3. Open-Source Hackability:
The project is distributed under the MIT License, allowing users to inspect the source code, modify the system prompts (defined in the worker), or integrate different LLM providers. The inclusion of a CLAUDE.md file makes it optimized for "Claude Code" and other AI-driven development tools, allowing the AI to literally build and improve upon itself.
Frequently Asked Questions (FAQ)
Is Clicky free to use? The Clicky software itself is free and open-source. However, since it utilizes third-party APIs (Anthropic, AssemblyAI, and ElevenLabs), users must provide their own API keys. Usage costs are determined by these individual providers based on the volume of data processed.
What are the system requirements for Clicky on macOS? Clicky requires macOS 14.2 or later to function, as it relies on the modern ScreenCaptureKit framework for screen recording. It is compatible with both Intel and Apple Silicon (M1/M2/M3) architectures and requires Xcode 15+ for those intending to build it from the source.
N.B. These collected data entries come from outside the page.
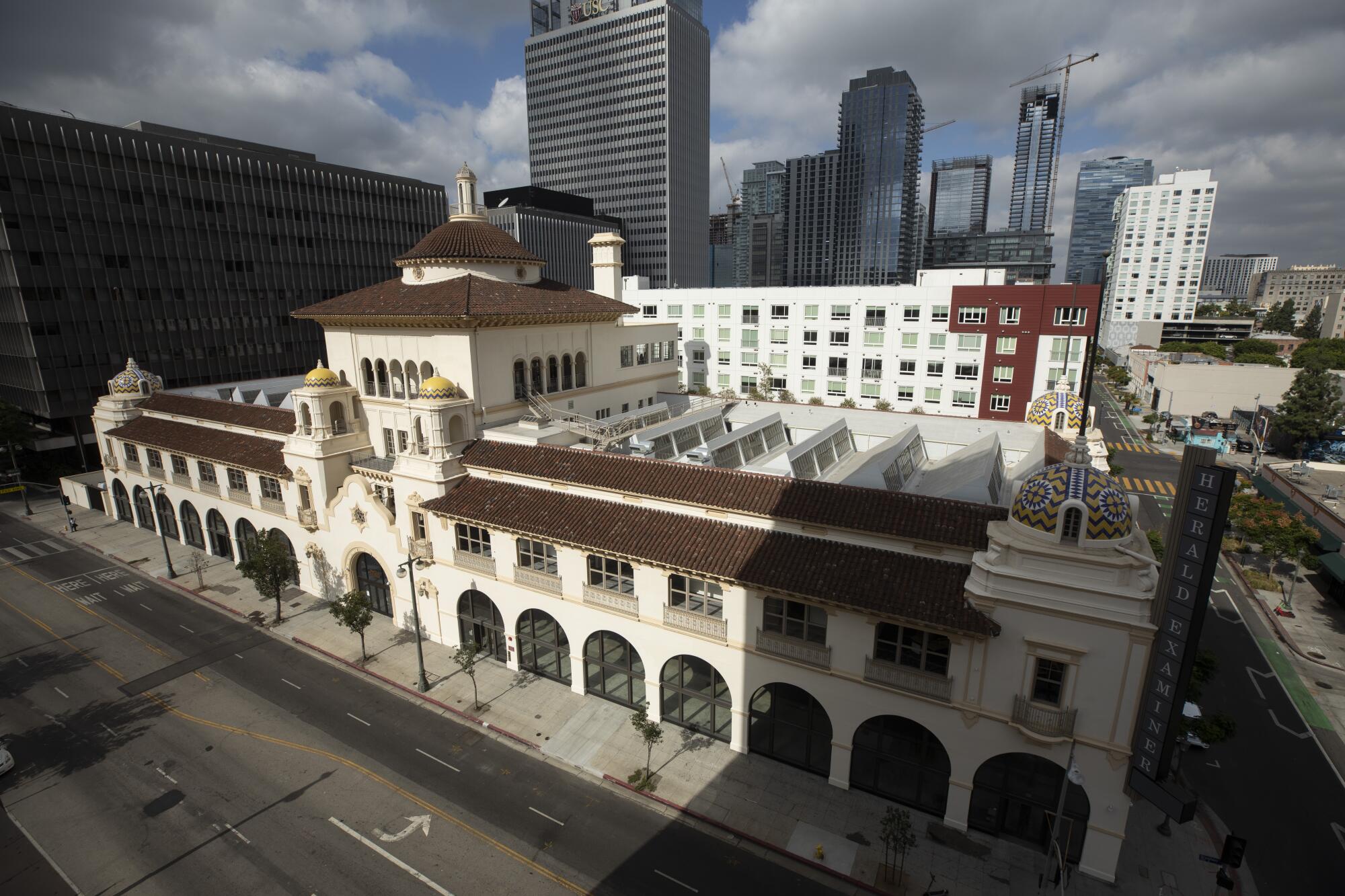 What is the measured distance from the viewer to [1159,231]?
198500mm

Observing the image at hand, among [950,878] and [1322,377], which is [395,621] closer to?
[950,878]

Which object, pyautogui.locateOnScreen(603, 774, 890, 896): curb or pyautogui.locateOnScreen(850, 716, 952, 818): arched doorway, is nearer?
pyautogui.locateOnScreen(603, 774, 890, 896): curb

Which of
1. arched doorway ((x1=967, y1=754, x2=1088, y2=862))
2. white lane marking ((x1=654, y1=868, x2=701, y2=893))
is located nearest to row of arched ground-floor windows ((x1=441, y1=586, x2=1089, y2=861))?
arched doorway ((x1=967, y1=754, x2=1088, y2=862))

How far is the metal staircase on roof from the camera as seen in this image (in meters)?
36.4

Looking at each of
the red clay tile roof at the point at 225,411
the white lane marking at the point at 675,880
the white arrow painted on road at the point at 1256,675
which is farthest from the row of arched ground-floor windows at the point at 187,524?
the white arrow painted on road at the point at 1256,675

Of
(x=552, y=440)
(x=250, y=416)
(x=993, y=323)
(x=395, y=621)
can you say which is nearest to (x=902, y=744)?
(x=552, y=440)

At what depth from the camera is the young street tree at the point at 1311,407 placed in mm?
74500

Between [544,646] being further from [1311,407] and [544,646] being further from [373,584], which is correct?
[1311,407]

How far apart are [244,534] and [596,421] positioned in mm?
27191

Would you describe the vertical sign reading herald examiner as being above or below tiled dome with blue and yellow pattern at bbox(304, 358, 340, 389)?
below

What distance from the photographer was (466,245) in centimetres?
4100

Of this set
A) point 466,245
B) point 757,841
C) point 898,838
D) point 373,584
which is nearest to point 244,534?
point 373,584

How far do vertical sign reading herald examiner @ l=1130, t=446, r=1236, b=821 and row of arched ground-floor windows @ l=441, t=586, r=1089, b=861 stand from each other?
282 cm

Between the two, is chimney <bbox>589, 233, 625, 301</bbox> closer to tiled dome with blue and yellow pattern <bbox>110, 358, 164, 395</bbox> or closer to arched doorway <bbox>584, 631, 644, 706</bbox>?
arched doorway <bbox>584, 631, 644, 706</bbox> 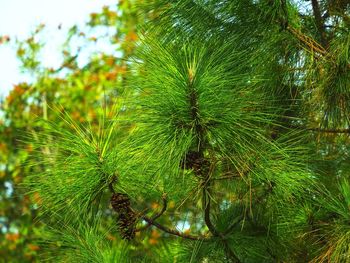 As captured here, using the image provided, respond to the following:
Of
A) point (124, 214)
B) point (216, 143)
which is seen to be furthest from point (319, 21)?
point (124, 214)

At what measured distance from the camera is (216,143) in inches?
64.2

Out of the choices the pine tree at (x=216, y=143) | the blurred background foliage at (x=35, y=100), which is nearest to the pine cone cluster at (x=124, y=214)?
the pine tree at (x=216, y=143)

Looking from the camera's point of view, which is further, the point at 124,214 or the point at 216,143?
the point at 124,214

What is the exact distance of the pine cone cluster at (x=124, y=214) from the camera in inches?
69.2

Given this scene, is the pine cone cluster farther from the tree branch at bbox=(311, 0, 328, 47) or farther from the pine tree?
the tree branch at bbox=(311, 0, 328, 47)

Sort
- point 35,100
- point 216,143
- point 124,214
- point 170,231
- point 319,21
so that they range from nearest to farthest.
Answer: point 216,143 → point 124,214 → point 170,231 → point 319,21 → point 35,100

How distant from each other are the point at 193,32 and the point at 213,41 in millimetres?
72

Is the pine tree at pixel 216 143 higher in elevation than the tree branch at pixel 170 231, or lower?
higher

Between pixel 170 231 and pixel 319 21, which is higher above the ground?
pixel 319 21

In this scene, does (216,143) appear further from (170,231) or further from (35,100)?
(35,100)

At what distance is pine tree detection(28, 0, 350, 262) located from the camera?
5.24 ft

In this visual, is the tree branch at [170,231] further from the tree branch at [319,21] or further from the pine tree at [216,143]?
the tree branch at [319,21]

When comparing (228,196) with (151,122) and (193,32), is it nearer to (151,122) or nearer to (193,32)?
(193,32)

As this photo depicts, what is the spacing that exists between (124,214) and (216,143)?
0.32 m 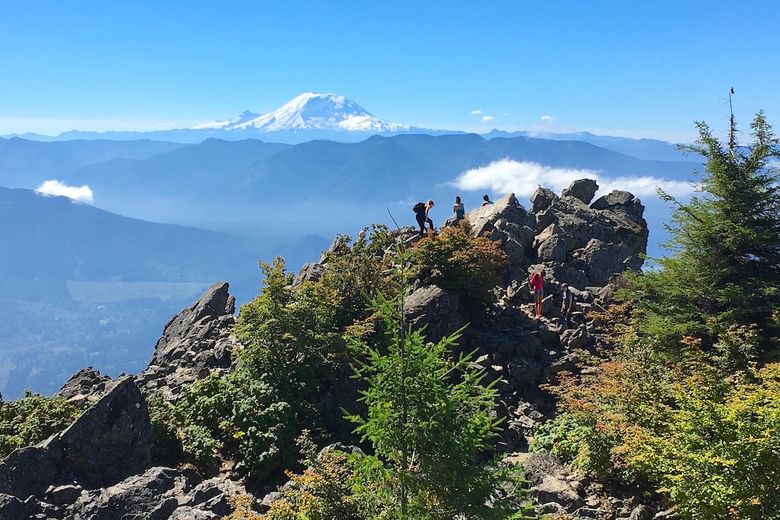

How does Clicky protect my privacy and API keys? Clicky does not ship with hardcoded API keys. Instead, it uses a Cloudflare Worker as a secure proxy. Your keys are stored as secrets within your own Cloudflare account, ensuring that your sensitive credentials never leave your controlled environment or appear in the compiled application binary.
Can Clicky control my mouse and keyboard? No, Clicky is designed to be an assistant that "points" and "sees." While it requests Accessibility permissions to enable global keyboard shortcuts (like Control + Option for push-to-talk), it does not take control of your hardware. It uses a visual overlay to guide you rather than performing actions on your behalf.